_Assignment_: Set the listing down unchanged, minus every embedded image.

_Supplied information_:
####################
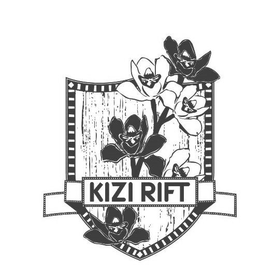 KIZI RIFT trademark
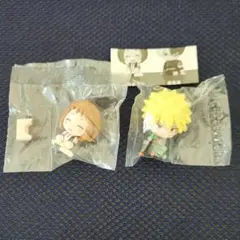 【ヒロアカ】爆豪勝己&麗日お茶子【すわらせ隊】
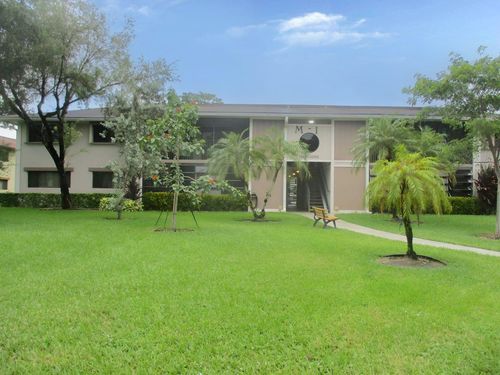 103-10909 W Clairmont Cir, Tamarac, FL, 33321-7833 | Card Image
####################
_Output below_:
 KIZI RIFT trademark
 【ヒロアカ】爆豪勝己&麗日お茶子【すわらせ隊】
 103-10909 W Clairmont Cir, Tamarac, FL, 33321-7833 | Card Image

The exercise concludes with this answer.